A tonsillectomy is a common but major surgery with serious risks and potential complications. You may have less invasive treatment options. Consider getting a second opinion about all of your treatment choices before you or your child has a tonsillectomy. 

Other procedures that may be performed

Your doctor may recommend removal of your adenoids along with a tonsillectomy. The adenoids are also infection-fighting glands located in the throat. Adenoids can get infected and enlarged along with the tonsils and cause similar problems. 

Why is a tonsillectomy performed?

Your doctor may recommend a tonsillectomy to treat a child or adult with problems related to the tonsils. These include: 

  • Antibiotic treatment failure, in which antibiotics do not cure a bacterial tonsil infection
  • Cancer of the tonsils
  • Difficulty eating or swallowing due to enlarged tonsils
  • Excessive and loud snoring due to enlarged tonsils that block the breathing passages
  • Frequent bouts of tonsillitis, in particular more than four tonsil infections over a year or five to seven over a two year period
  • Sleep apnea, or pauses in breathing during sleep caused by enlarged tonsils
  • Tonsillar abscess that does not respond to drug treatment

Your doctor may only consider tonsillectomy if other treatment options that involve less risk of complications have been ineffective. Ask your doctor about all of your treatment options and consider getting a second opinion before deciding on a tonsillectomy.
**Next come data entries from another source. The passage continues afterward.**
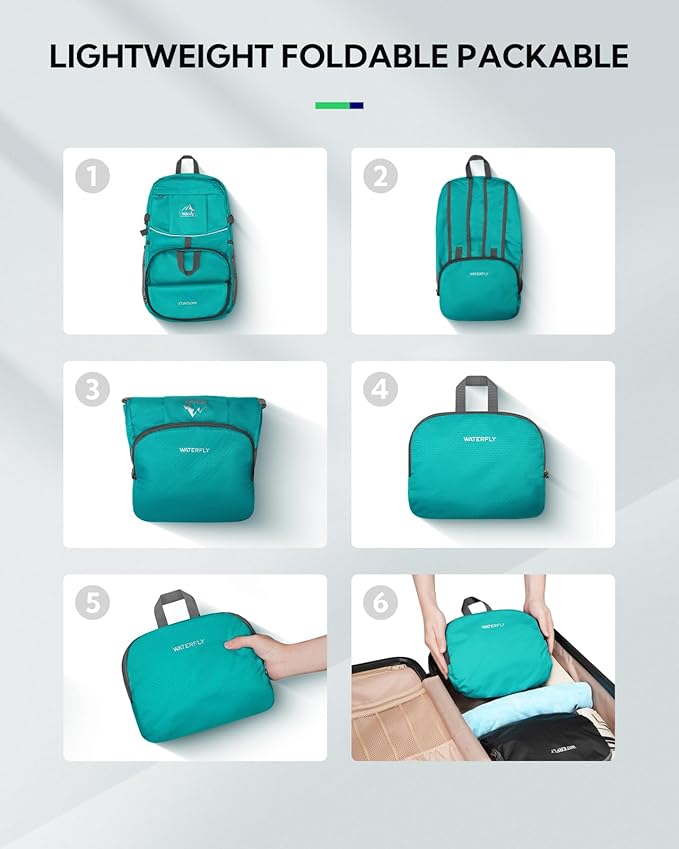 WATERFLY Hiking Packable Daypack Backpack: 35L Ultra Lightweight Day Pack for Woman Man - Large Compact Folding Back Pack for Outdoor Sport Cycling Camping Travel Trip - Turquoise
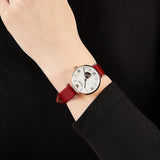 Emporio Armani Gianni T-Bar Mother of Pearl White Dial Red Leather Strap Watch For Women - AR60048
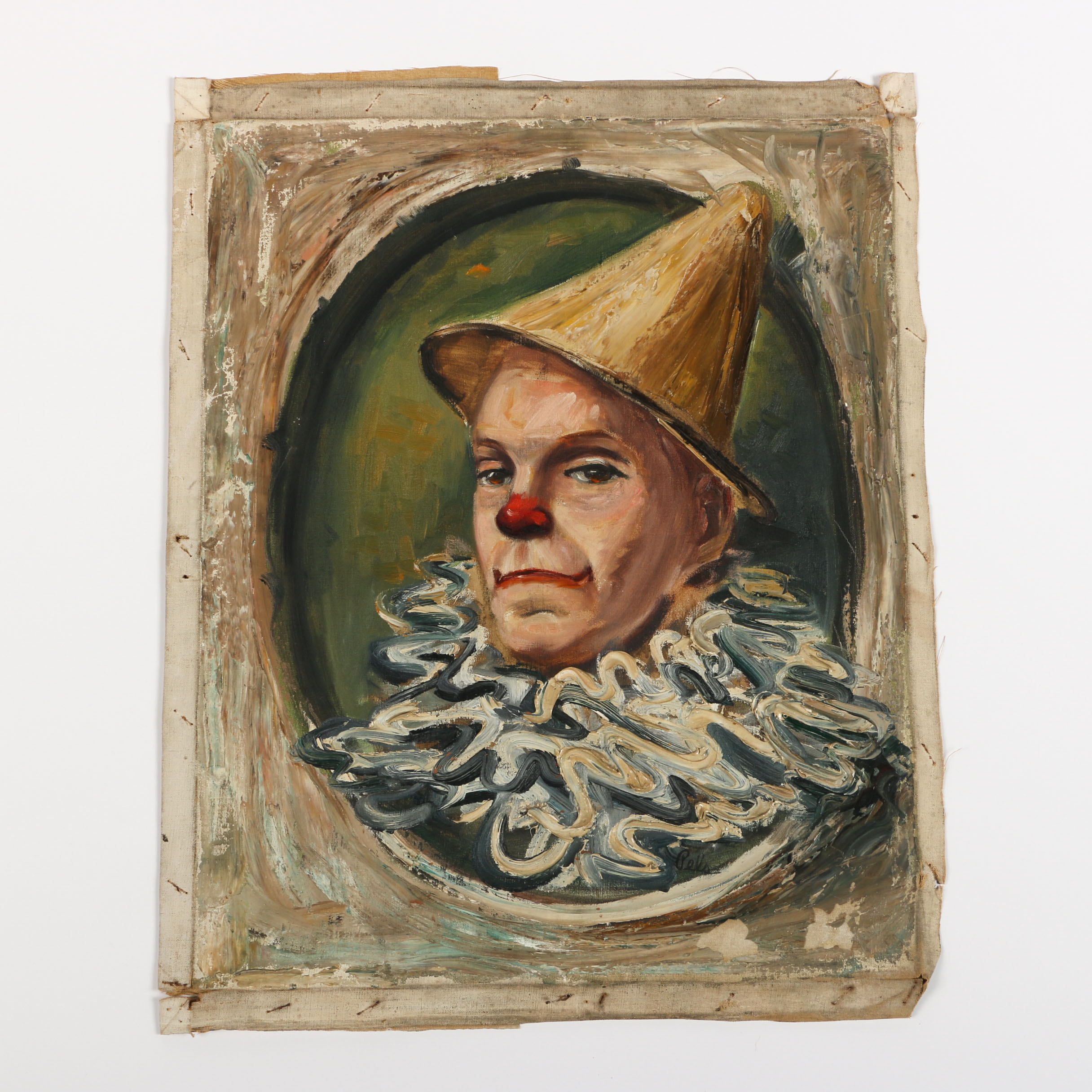 Albert Pels Oil Painting on Unstretched Canvas of a Clown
Who performs a tonsillectomy?

The following specialists perform tonsillectomy:

  • Otolaryngologists (ENTs) specialize in the treatment of diseases and conditions of the ears, nose and throat. 
  • Pediatric otolaryngologists (pediatric ENTs) specialize in the treatment of diseases and conditions of the ears, nose and throat in infants, children and adolescents.
  • Pediatric surgeons specialize in surgery for infants, children and adolescents.

How is a tonsillectomy performed?

Your tonsillectomy will be performed in a hospital or possibly an office or clinic setting. The surgery is generally an outpatient procedure. Some patients may need to stay overnight in the hospital for observation. 

Surgical approaches to a tonsillectomy

Your surgeon will remove or reduce the size of your tonsils through your mouth. Your surgeon will most likely remove all of your tonsil tissue if you have repeated tonsillitis. Surgeons sometimes only reduce the size of tonsils if they are enlarged. 

Your surgeon will advise you on which procedure is best for you based on your diagnosis, age, medical history, general health, and possibly your personal preference.  Learn about the different procedures and ask why your surgeon will use a particular type for you.

The types of tonsillectomy approaches include:

  • Electrocautery burns off tonsil tissue. It also helps reduce blood loss by cauterization, which seals the blood vessels. 
  • Harmonic scalpel uses hot ultrasonic energy to vibrate a special blade. The blade cuts tonsil tissues and stops bleeding. 
  • Laser tonsil ablation (LTA) uses a laser to destroy and remove tonsil tissue. 
  • Microdebrider reduces the size of the tonsil with a rotary shaving device hooked up to suction. 
  • Radiofrequency ablation (somnoplasty and coblation) procedures use radiofrequency energy to destroy tonsil tissue. 
  • Scalpel removal of the tonsils is the most traditional tonsillectomy procedure.